Nostalgia and YouTube is a glorious combination. For instance, it can take you back to your childhood, where the TV shows aimed at kids were far far better than the tosh we inflict on children nowadays. For instance, where else would you find a dragon, a witch who lives in a kettle, and a bunch of little guys who scoot around on wheels?
In the completely loopy world of Chorlton and the Wheelies, that’s where!
(My major disappointment is that there’s not clip of Chorlton saying “Little old lady!” in a Yorkshire accent. Because that just rules.)
And yet, that’s not the trippiest-but-obscure show I remember. Oh no. That accolade belongs to the ever-mighty Jamie and the Magic Torch. Here are the titles for an episode entitled ‘Mr. Boo Loses a Mountain’. Which was careless, and I assume he found it again, possibly with the help of the titular Magic Torch and a dog in a hat called Wordsworth (the dog was called Wordsworth, not the hat.
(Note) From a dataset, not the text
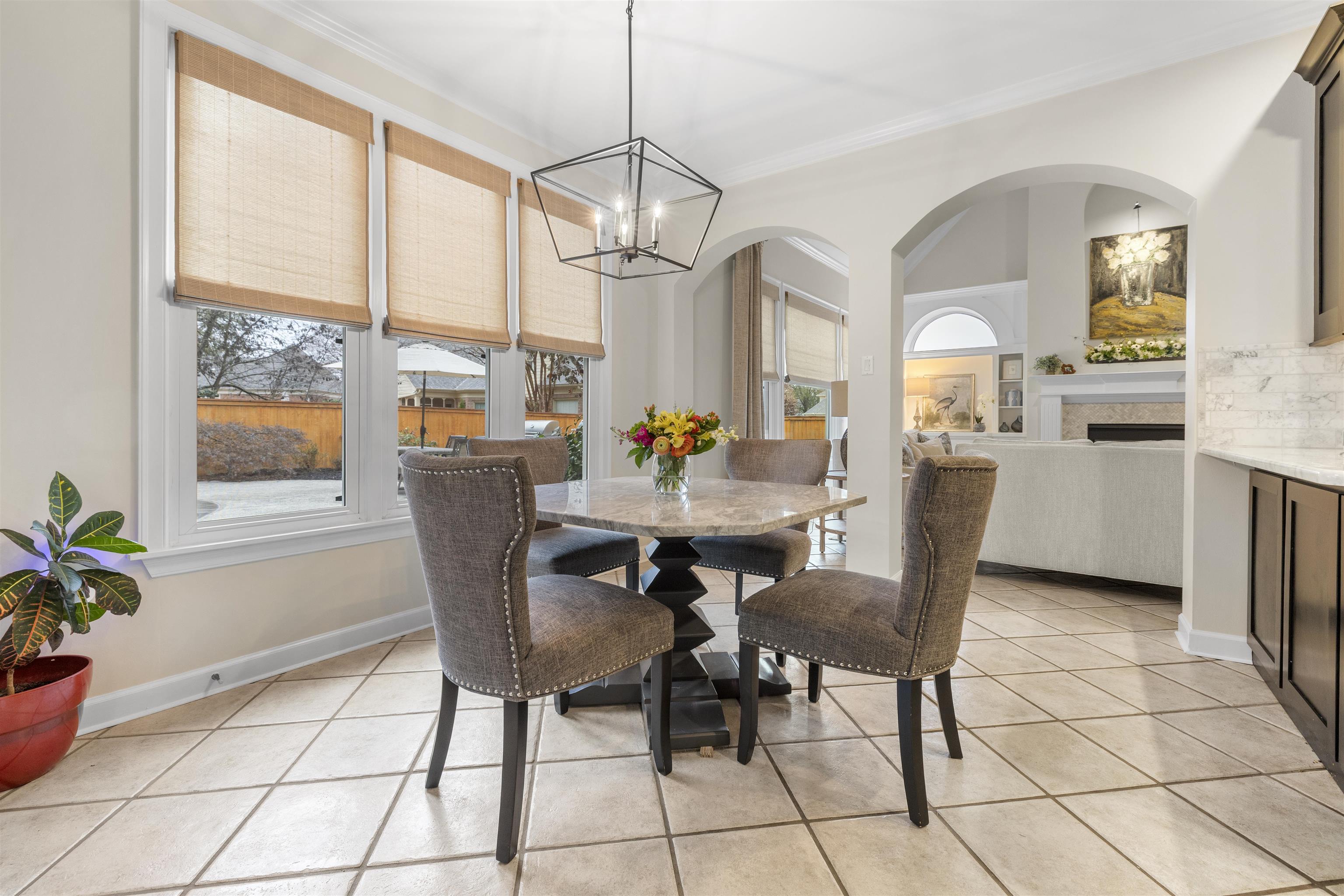 2163 Houston Pass Collierville, TN 38139 - Photo 9 of 30 a dining room with furniture a chandelier and window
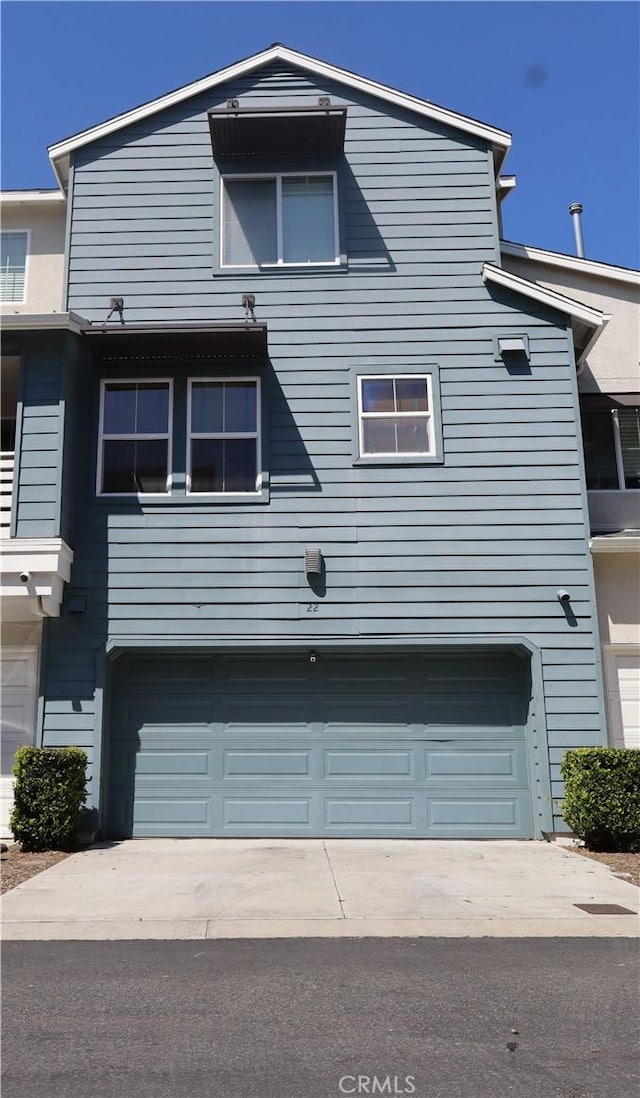 view of front facade with concrete driveway and a garage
Although in this show, I wouldn’t altogether rule out the possibility of the hat being a character too).
But sometimes you’ve got to come back down to earth and get into the gritty realism of inner-city life. This could be found in Pigeon Street, which is a a testament to the enduring human need for community even in the middle of urban Britain (although there was never any mention of what the council intended to do about the endemic pigeon problem). Each character had their own theme song, and I’m only sorry that I can’t bring you the brilliant nu-country stylings that accompanied every appearence of Long Distance Clara (an early role model for women working in the transport and logistics sector).
Of course, these moments of psychedelic wonder obviously blew the kids TV budget, so occassionally a show was based around cheaper pursuits. Check out Fingerbobs. The seagull’s the best one.
Oh, and forget the remake of a couple of years ago. This is the real Magic Roundabout, although disappointingly, there’s no sign of any Dougal snark.
Meanwhile, Bagpuss was just a thing of beauty and wonder. His shop didn’t sell anything. Watching this still gets me choked up.
But I guess we all have to grow up eventually and get into shows about important topics such as all terrain attack motorcycles. Ladies and gentlemen, I give you Streethawk, the red-headed stepchild of the the eighties super-vehicle movement. It’s like Knightrider without the Hoff. It’s like Airwolf without the slightly too-enthusiastic right-wing politics. It has the one of the greatest theme tunes ever and a motorbike with a laser gun. They don’t make them like this any more.